Print exactly the line that contains "NISSAN NP300 2.3" along with every line beneath it to the end of the records below, and omit pictures.

_ _ _ _ _ _ _

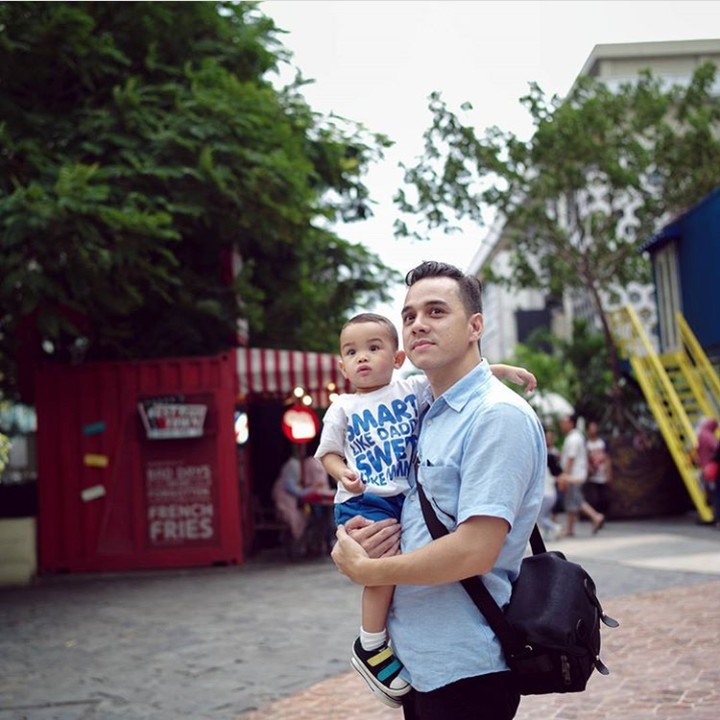 Menatap masa depan bersama sang jagoan nih judulnya, he-he-he... (Foto: Instagram @@riostockhorst)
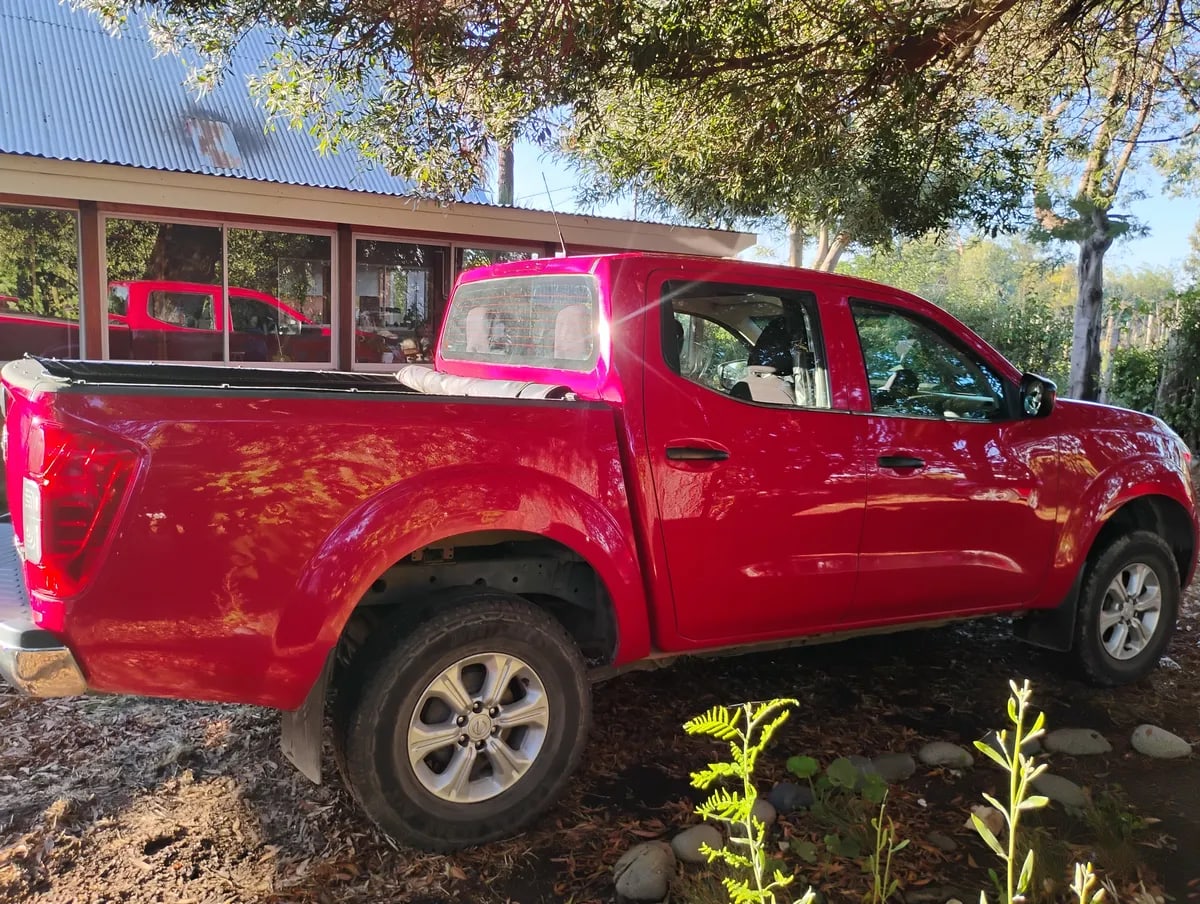 NISSAN NP300 2.3 Dc Se Mt Diesel 4x4 año 2019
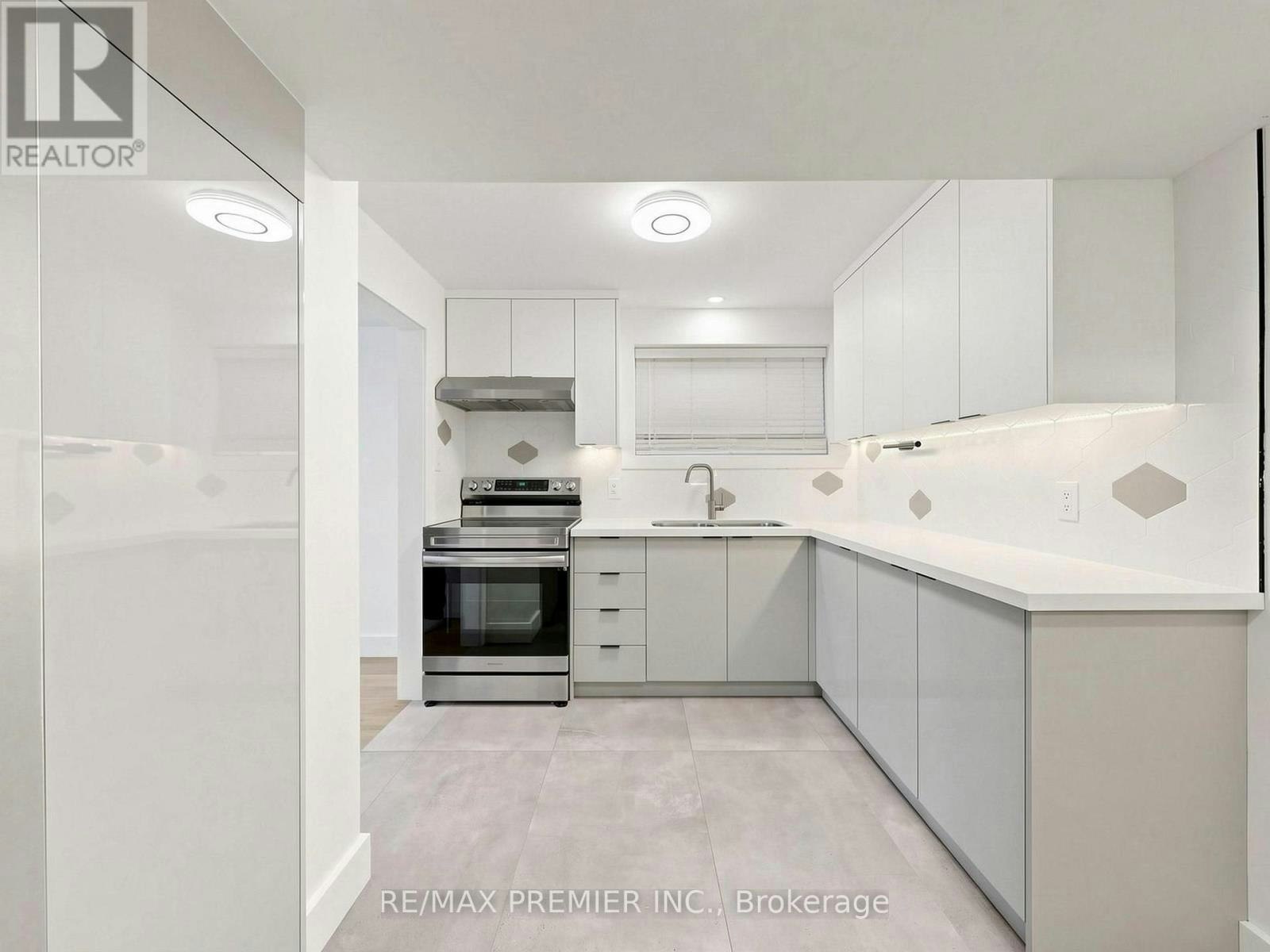 BASEMENT-45 Croham Road, Toronto, ON, M6E 4X9 - 8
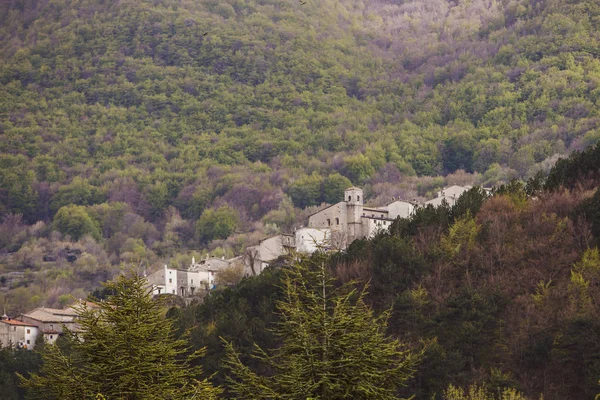 Civitella Alfedena, средневековая деревня на горах Абруццо в — стоковое фото
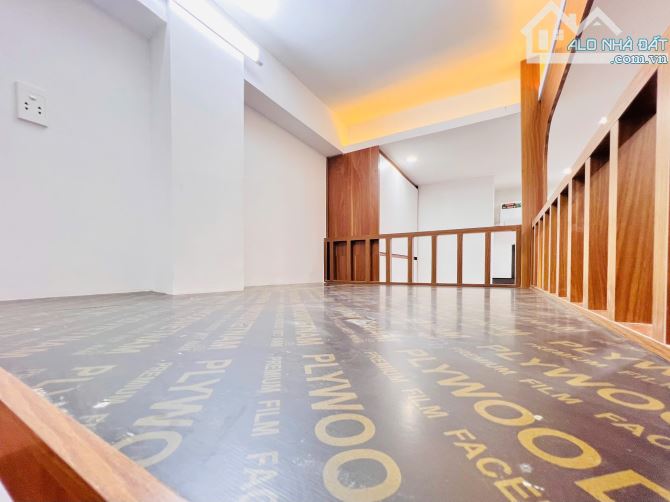 Cho Thuê CCMN 213 GIÁP NHẤT Thanh Xuân 30m2 Gác Xép, Giường Ban Công Cửa Sổ Giặt Riêng TM - 15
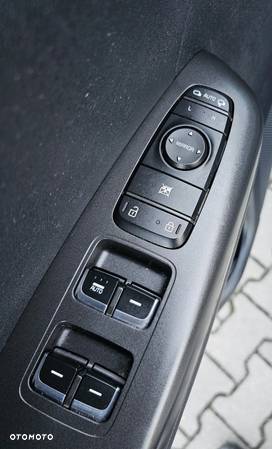 Kia Sportage 2,0 CRDI AWD Platinum - 18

_ _ _ _ _ _ _

# Task response:
 NISSAN NP300 2.3 Dc Se Mt Diesel 4x4 año 2019
 BASEMENT-45 Croham Road, Toronto, ON, M6E 4X9 - 8
 Civitella Alfedena, средневековая деревня на горах Абруццо в — стоковое фото
 Cho Thuê CCMN 213 GIÁP NHẤT Thanh Xuân 30m2 Gác Xép, Giường Ban Công Cửa Sổ Giặt Riêng TM - 15
 Kia Sportage 2,0 CRDI AWD Platinum - 18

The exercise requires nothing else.